BEGIN

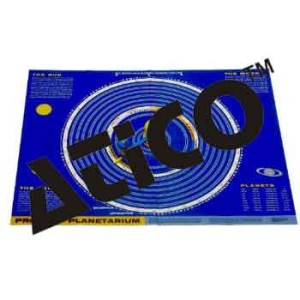 Project Planetarium Set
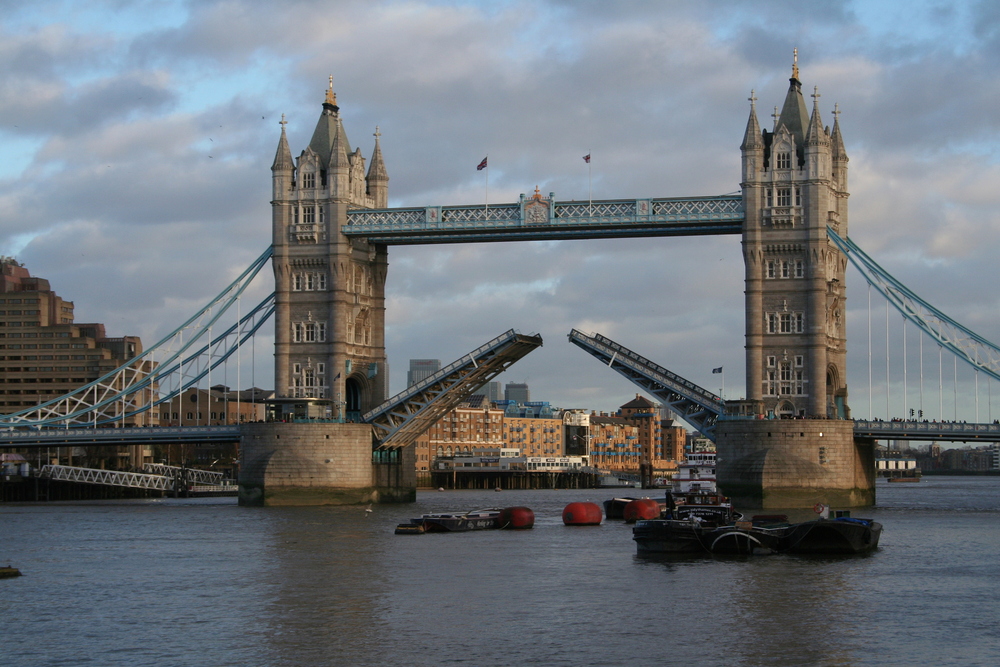 Tower Bridge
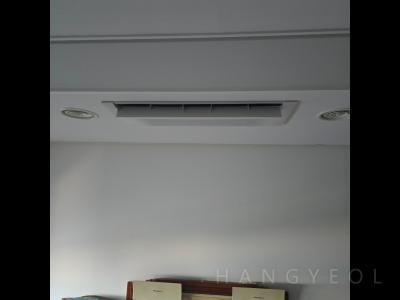 부산광역시 해운대구 우동 우신골든스위트 시스템에어컨 기타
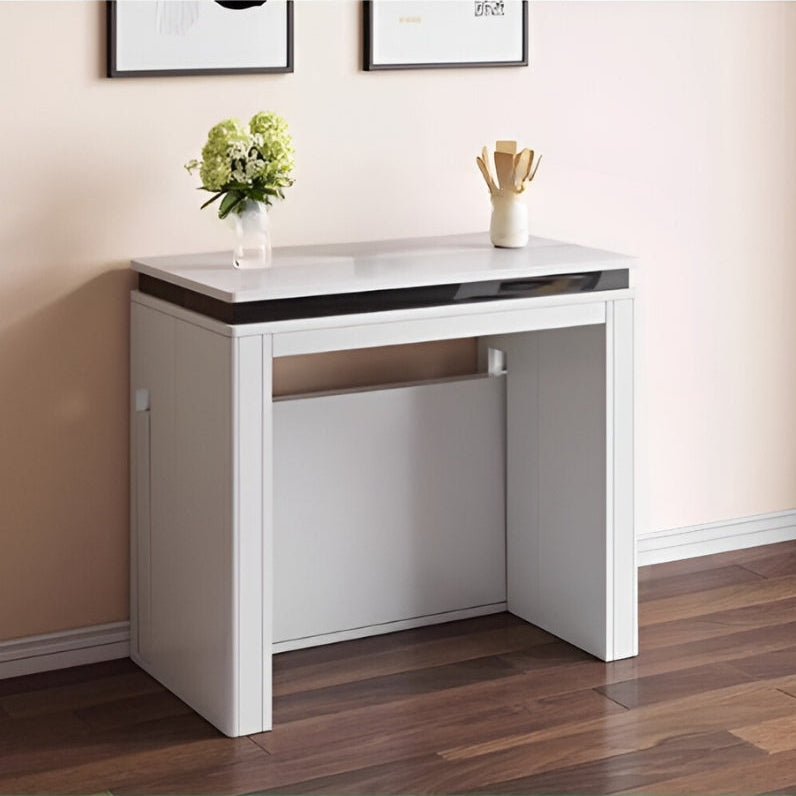 Bumes Dining Extended Table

END

From the line containing "부산광역시 해운대구 우동 우신골든스위트 시스템에어컨 기타" down to the last line of the data, print every line exactly and nothing else. Pictures stay out of the copy.

 부산광역시 해운대구 우동 우신골든스위트 시스템에어컨 기타
 Bumes Dining Extended Table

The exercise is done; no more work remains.